* [TASK GOAL]:
Could you copy the records below exactly, leaving out any pictures they include?

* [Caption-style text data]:
+ + + + + + +
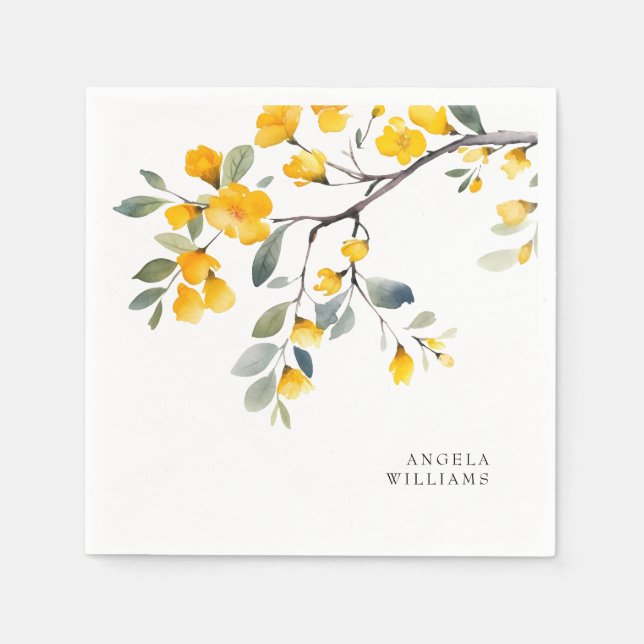 Guardanapo De Papel Cocktail Floral Amarelo (Frente)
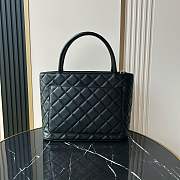 Kitlife Chanel Caviar Quilted Medallion Tote Black 30x14x24cm - 4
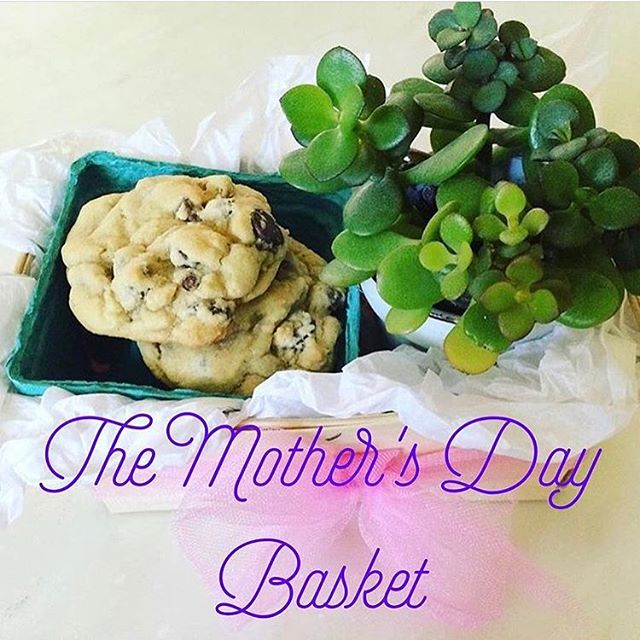 Mother's Day is this Sunday May 13th! The Cookie Cult has your Momma taken care of with The Mother's Day Basket! 1/2 dozen cookies, a small succulent, journal, candle and a card! Vegan and Gluten-Free cookies options available! #thecookiecult #Mother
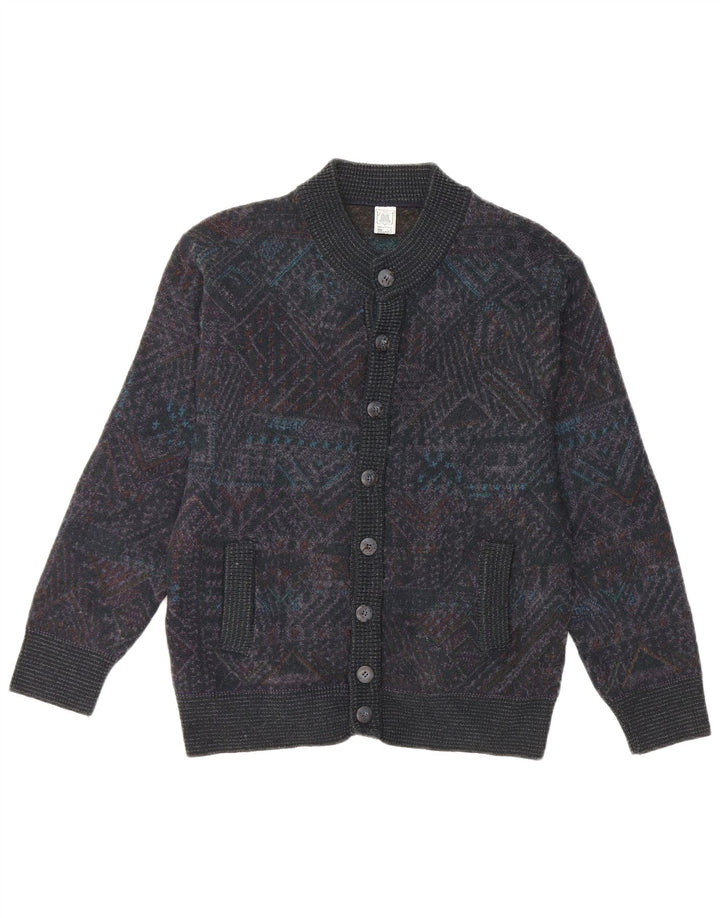 Maglificio Mens Cardigan Sweater Small Grey Geometric Acrylic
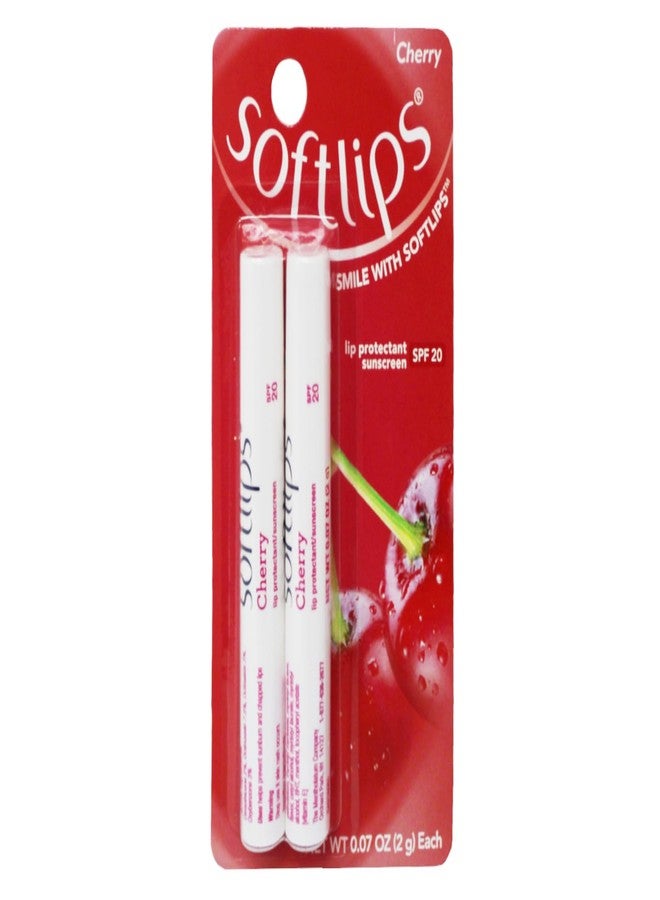 SoftLips Lip Protectant Sunscreen SPF 20, Cherry, Gluten-Free Twin Pack 0.07 oz Each (Pack of 2) - Image 2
+ + + + + + +
* [TASK RESPONSE]:
 Guardanapo De Papel Cocktail Floral Amarelo (Frente)
 Kitlife Chanel Caviar Quilted Medallion Tote Black 30x14x24cm - 4
 Mother's Day is this Sunday May 13th! The Cookie Cult has your Momma taken care of with The Mother's Day Basket! 1/2 dozen cookies, a small succulent, journal, candle and a card! Vegan and Gluten-Free cookies options available! #thecookiecult #Mother
 Maglificio Mens Cardigan Sweater Small Grey Geometric Acrylic
 SoftLips Lip Protectant Sunscreen SPF 20, Cherry, Gluten-Free Twin Pack 0.07 oz Each (Pack of 2) - Image 2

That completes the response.